As the airdrop industry evolves, there is continuing interest in compact, lightweight, and cost-effective parafoils. Single surface parafoils are a natural fit for this need. These parafoils offer similar guidance and glide ratios to ram-air parafoils while using half the canopy material, reducing total canopy mass and simplifying construction. Like conventional ram-air parafoils, single surface parafoils are usually controlled via trailing edge deflection, which lacks direct glide slope control.
Earthly Dynamics has demonstrated glide slope control can reduce miss distances of aerial delivery systems by a factor of three by preventing overshoot on final approach using bleed-air actuation. To date, bleed-air actuation has only been demonstrated on ram-air parafoils, which have a large pressure differential between the stagnated, internal ram air, and the low pressure, upper surface. This pressure differential is the driving force for the venting of air through the bleed-air vents and the spoiling of lift on the upper surface. Single surface parafoils lack internal ram-air and therefore the efficacy of bleed air spoilers on single surface canopies has been relatively uncertain, until now.

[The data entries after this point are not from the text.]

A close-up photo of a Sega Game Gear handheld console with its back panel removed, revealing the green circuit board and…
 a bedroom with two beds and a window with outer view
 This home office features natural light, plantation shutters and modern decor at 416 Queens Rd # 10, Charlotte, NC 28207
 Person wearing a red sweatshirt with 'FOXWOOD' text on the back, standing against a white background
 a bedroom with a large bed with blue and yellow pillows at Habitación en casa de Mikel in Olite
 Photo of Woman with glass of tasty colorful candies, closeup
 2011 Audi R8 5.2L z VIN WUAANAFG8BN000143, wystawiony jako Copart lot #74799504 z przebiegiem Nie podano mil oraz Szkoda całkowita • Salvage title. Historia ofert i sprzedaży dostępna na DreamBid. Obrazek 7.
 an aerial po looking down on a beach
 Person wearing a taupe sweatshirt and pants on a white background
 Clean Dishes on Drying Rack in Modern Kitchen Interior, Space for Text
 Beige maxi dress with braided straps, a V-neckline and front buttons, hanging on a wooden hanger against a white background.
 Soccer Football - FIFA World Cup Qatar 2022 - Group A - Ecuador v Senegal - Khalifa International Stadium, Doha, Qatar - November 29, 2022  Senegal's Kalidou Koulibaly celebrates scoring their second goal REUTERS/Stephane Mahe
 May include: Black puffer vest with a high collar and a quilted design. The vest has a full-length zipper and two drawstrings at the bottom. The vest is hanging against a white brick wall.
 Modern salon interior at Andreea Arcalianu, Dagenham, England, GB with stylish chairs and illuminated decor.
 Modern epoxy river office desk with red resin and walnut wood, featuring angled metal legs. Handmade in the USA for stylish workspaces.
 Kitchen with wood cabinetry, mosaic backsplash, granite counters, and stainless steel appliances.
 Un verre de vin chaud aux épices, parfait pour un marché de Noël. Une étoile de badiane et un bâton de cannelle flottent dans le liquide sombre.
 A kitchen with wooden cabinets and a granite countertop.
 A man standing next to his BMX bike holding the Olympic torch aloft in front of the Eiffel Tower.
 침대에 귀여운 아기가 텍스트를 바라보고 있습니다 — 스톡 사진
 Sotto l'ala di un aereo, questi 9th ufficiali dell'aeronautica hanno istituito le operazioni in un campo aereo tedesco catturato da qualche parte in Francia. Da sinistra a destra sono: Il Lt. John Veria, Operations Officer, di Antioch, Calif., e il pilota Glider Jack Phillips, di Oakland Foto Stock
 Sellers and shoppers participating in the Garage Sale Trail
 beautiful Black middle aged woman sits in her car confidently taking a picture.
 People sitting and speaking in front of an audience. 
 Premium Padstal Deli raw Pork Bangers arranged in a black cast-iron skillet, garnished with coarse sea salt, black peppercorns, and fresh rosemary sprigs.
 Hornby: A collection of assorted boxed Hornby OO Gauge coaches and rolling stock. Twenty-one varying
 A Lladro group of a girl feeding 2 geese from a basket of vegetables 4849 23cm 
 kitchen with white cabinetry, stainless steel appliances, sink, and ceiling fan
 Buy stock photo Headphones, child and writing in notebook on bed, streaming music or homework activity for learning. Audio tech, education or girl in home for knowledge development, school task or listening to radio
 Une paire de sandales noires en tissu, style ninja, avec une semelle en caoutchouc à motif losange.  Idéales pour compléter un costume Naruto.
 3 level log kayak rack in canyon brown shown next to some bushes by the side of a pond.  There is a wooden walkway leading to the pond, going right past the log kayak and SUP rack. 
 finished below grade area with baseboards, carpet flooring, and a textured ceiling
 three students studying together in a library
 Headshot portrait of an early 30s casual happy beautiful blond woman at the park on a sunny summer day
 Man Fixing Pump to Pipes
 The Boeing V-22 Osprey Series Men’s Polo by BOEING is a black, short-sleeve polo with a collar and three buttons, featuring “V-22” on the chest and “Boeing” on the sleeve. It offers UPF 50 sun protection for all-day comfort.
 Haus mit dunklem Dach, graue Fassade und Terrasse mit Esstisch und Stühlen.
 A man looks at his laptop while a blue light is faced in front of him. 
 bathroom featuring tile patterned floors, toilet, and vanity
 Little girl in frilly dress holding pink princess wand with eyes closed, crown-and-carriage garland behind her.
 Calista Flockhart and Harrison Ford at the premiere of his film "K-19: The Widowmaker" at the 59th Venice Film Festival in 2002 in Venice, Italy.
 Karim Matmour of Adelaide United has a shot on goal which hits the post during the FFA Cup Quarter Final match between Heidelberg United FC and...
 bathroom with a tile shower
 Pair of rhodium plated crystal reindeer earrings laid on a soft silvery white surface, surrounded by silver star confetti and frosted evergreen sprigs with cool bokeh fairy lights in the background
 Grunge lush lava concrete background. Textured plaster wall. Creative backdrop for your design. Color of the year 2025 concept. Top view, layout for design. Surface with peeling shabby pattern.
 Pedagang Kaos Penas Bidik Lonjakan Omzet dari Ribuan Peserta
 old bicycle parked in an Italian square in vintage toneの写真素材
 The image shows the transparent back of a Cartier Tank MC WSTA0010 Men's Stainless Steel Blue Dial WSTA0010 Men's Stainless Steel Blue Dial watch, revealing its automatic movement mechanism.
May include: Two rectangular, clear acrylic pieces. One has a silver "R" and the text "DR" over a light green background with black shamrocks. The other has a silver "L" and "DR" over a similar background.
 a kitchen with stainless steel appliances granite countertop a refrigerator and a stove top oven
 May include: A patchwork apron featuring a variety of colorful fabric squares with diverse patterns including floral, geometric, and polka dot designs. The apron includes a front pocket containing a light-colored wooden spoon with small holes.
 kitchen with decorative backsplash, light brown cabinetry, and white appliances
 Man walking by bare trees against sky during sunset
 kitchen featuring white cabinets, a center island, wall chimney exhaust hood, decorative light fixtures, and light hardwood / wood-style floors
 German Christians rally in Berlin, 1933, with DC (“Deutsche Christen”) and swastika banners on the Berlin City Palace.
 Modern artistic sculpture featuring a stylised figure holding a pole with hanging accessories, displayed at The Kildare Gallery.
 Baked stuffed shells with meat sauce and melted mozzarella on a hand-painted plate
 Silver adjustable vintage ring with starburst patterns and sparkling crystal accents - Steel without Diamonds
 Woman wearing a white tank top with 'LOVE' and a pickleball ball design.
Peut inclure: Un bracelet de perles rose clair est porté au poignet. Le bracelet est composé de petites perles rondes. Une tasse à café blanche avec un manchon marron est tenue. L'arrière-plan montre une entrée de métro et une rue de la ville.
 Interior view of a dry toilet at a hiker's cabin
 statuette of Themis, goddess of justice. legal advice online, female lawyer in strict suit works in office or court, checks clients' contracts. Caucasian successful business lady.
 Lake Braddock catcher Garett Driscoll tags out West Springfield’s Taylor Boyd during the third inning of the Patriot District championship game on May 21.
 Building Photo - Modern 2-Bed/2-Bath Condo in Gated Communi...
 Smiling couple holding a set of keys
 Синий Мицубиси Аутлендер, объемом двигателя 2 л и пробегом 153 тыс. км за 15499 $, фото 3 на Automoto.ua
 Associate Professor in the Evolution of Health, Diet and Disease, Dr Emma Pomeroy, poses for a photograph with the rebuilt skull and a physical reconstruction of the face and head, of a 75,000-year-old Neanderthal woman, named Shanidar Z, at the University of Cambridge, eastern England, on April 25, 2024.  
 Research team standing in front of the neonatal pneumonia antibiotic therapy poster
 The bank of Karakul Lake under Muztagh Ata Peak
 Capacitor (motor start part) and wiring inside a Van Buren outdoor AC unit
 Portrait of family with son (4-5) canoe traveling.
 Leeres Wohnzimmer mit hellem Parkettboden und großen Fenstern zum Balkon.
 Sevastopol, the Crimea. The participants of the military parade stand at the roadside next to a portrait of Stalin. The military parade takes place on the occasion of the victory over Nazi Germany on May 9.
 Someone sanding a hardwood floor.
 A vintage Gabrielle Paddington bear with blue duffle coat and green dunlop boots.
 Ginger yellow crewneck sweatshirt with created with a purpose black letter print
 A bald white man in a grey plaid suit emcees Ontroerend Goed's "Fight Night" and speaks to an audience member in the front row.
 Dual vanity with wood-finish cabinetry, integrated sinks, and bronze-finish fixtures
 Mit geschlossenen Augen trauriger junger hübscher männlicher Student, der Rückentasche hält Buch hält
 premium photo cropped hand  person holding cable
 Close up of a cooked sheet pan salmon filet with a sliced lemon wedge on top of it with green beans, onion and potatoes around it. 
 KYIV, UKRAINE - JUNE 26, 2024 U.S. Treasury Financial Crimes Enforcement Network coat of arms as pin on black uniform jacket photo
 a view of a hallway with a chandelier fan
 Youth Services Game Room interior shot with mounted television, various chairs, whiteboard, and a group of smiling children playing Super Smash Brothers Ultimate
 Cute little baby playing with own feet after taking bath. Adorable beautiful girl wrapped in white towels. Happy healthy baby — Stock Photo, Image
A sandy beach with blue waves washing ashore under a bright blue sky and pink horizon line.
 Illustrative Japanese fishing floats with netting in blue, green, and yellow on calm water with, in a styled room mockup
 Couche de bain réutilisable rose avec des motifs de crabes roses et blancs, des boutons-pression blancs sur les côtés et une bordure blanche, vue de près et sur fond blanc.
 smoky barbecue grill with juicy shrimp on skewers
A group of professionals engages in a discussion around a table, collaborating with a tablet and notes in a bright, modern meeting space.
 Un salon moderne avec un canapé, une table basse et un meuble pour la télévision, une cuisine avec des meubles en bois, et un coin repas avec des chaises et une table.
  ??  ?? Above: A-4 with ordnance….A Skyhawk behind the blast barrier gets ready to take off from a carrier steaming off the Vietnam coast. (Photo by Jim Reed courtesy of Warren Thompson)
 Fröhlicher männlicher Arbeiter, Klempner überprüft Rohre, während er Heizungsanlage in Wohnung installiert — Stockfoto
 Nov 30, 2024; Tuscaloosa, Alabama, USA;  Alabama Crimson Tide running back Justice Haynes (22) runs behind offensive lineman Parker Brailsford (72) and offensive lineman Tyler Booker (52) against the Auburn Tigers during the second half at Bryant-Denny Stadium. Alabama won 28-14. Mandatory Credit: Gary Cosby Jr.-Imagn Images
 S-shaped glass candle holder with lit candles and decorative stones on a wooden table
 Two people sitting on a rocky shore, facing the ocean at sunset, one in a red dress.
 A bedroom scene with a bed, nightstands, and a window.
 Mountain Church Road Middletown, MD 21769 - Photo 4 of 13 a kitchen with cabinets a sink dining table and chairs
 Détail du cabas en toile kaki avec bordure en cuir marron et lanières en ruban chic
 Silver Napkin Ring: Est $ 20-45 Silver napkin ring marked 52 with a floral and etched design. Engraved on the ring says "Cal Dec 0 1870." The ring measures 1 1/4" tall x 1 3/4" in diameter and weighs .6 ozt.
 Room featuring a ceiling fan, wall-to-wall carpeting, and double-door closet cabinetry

Earthly Dynamics demonstrated the efficacy of bleed air actuation on single surface parafoils. By varying the span-wise and chord-wise locations of bleed-air vents on a single surface paragliding-style canopy and measuring the steady flight characteristics, the control authority of the spoilers is mapped. Preliminary results demonstrate that bleed-air spoilers are indeed an effective glide slope control strategy for these canopies by achieving glide slope reductions of 58%, on par with bleed-air control of ram-air canopies.